Government Usage Rights Notice: The U.S. Government retains unlimited, royalty-free usage rights to this software, but not ownership, as provided by Federal law. Redistribution and use in source and binary forms, with or without modification, are permitted provided that the following conditions are met:

3. Use of MetaMap and MetaMap Tools

  • Redistributions of source code must retain this Informational Notice.

  • Redistributions in binary form must reproduce this Informational Notice, this list of conditions and the following disclaimer in the documentation and/or other materials provided with the distribution.

  • Neither the names of the National Library of Medicine, the National Institutes of Health, nor the names of any of the software developers may be used to endorse or promote products derived from this software without specific prior written permission.

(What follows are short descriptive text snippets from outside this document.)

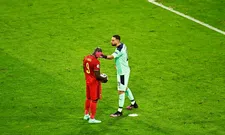 Thumbnail for article: Minidrama uitgeklaard: Donnarumma doet uit de doeken wat hij tegen Lukaku zei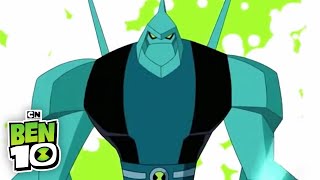 Ben 10: Omniverzum előzetes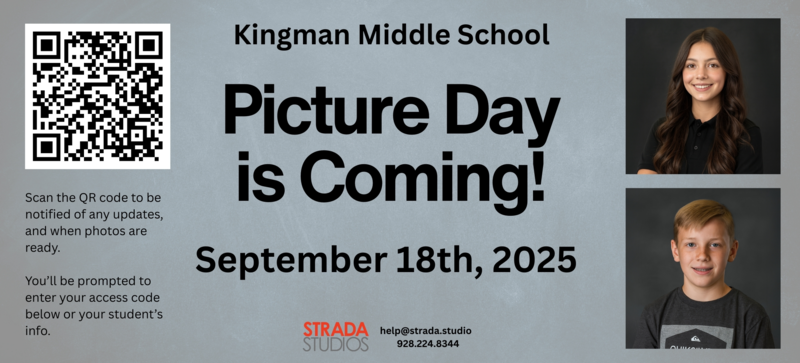 picture day
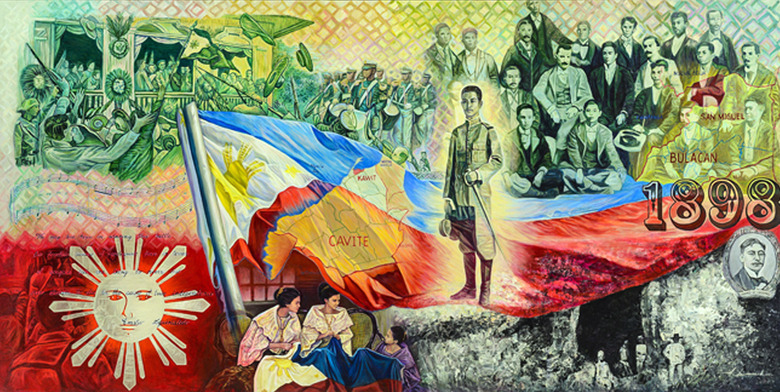 Course Package in Philippine History, Government, and Constitution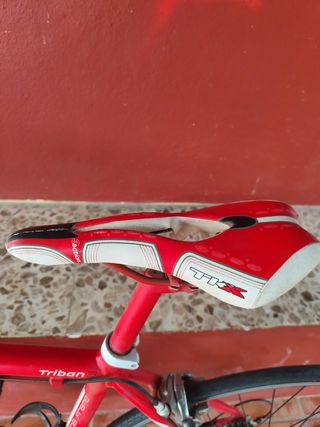 Btwin triban 3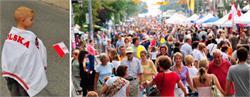 Roncesvalles Polish Festival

  • The U.S. Government retains an unlimited, royalty-free right to use, distribute or modify the software.

  • Please acknowledge NLM as the source of the MetaMap software by including the phrase "Courtesy of the U.S. National Library of Medicine" or "Source: U.S. National Library of Medicine."
THIS SOFTWARE IS PROVIDED BY THE U.S. GOVERNMENT AND CONTRIBUTORS "AS IS" AND ANY EXPRESS OR IMPLIED WARRANTIES, INCLUDING, BUT NOT LIMITED TO, THE IMPLIED WARRANTIES OF MERCHANTABILITY AND FITNESS FOR A PARTICULAR PURPOSE ARE DISCLAIMED. IN NO EVENT SHALL THE U.S. GOVERNMENT OR CONTRIBUTORS BE LIABLE FOR ANY DIRECT, INDIRECT, INCIDENTAL, SPECIAL, EXEMPLARY, OR CONSEQUENTIAL DAMAGES (INCLUDING, BUT NOT LIMITED TO, PROCUREMENT OF SUBSTITUTE GOODS OR SERVICES; LOSS OF USE, DATA, OR PROFITS; OR BUSINESS INTERRUPTION) HOWEVER CAUSED AND ON ANY THEORY OF LIABILITY, WHETHER IN CONTRACT, STRICT LIABILITY, OR TORT (INCLUDING NEGLIGENCE OR OTHERWISE) ARISING IN ANY WAY OUT OF THE USE OF THIS SOFTWARE, EVEN IF ADVISED OF THE POSSIBILITY OF SUCH DAMAGE.